Nos belles traditions, source de fierté
L'année dernière, la famille Gravel Girard m'avait invité à me joindre à elle pour puiser l'eau de Pâques. Il s'agissait pour Lise Gravel et Benoît Girard de leur 40ième année consécutive de respect de cette belle tradition québécoise. Dans le passé, je m'étais joint quelquefois à leur groupe et j'en avais gardé un excellent souvenir. J'acceptai donc avec joie de les accompagner. Pour respecter la tradition, l'eau de Pâques doit être puisée à même l'eau vive d'une source ou d'un ruisseau avant le lever du soleil, au matin de Pâques.
À 3h30 le téléphone sonne. C'est Benoît. J'étais levé mais pas réveillé. Rendez-vous vers 4h sur la terre ayant autrefois appartenu à M. Patrick Gravel, père de Lise, aujourd'hui décédé, mais à l'origine de cette tradition dans la famille. Des invitations ont été faites, mais on ignore qui bravera la nuit, la neige et le froid pour cette rencontre annuelle. Finalement un groupe d'une dizaine de personnes s'avance dans la neige à la queue leu leu. Jeunes, adultes, retraités serpentent dans la nuit à la lueur des lampes de poche. Quinze minutes plus tard, parvenus à un bivouac dans un boisé, nous déposons nos affaires et nous dirigeons vers la source tout près de là. Son murmure dans la neige nous oblige au silence. On la devine plus qu'on ne la voit. Benoît puise alors le précieux liquide, le goûte et le partage avec le groupe. Cette eau est un ravissement. Elle entre en nous, douce et froide nous rappelant l'essentiel. Un sentiment profond de plénitude et d'harmonie envahit soudain tout le groupe. Benoît fait quelques réserves du précieux liquide et nous convie autour d'un feu sur la neige. Soudain les langues se délient, les rires fusent dans les premières lueurs de l'aube. Notre hôte a apporté du pain à griller. Chacun s'implique pour manger un morceau. On parle de ceux qui devaient venir, de ceux qui étaient là l'an dernier, des 40 ans, des chers disparus. Puis le feu baisse lentement comme pour laisser toute la place au soleil qui se lève.
Revigorés par ce rapprochement avec la nature et les amis, nous quittons, fiers et contents de ce moment de grâce. Lise me disait que pour eux ce n'est pas tellement l'aspect religieux ou mystérieux de l'eau de Pâques qui l'attirait mais bien le plaisir de donner de cette eau à des parents et amis dans les jours qui suivent. C'est un plaisir que personne ne refuse.

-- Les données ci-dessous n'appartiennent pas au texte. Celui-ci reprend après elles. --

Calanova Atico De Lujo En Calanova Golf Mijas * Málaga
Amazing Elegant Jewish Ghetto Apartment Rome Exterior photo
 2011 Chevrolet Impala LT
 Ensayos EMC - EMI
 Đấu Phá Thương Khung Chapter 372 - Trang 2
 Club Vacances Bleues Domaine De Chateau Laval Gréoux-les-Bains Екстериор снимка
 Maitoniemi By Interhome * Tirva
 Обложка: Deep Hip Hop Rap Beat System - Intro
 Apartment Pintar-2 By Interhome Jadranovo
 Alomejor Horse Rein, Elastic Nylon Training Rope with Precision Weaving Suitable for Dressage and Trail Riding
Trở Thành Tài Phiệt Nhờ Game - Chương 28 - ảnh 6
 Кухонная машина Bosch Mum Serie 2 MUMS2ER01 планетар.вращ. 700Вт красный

Cette magnifique tradition, encore bien vivante dans toutes les régions du Québec, doit sa continuité à des personnes qui, comme Lise et Benoît, ont un profond désir de transmettre certaines valeurs importantes.
Pour qu'une tradition se perpétue, il faut un noyau fort de personnes qui y croient, qui sont capables de surfer sur la mouvance relationnel-le et garder un bon contact avec les parents et amis. Il faut se faire suffisamment convainquant pour que la transmission soit intergéné-rationnelle. Il faut aussi un rituel :
- choix du site (source)
- préparatifs: bois-feu lunch, invitations, vérification des lieux.
L'activité ici est périodique (1 fois l'an) et rappelle les grands mouvements cycliques de la vie: jour-nuit-saisons-naissance-mort. Quant à la valeur symbolique de l'eau, elle donne toute sa force à cette tradition printanière si près de la vie. Gestes simples et authentiques, respect de l'environnement et de l'humain; souci de fusion avec la Nature, voilà ce qui donne toute sa force à la tradition de l'eau de Pâques. Levons nos verres : Longue vie!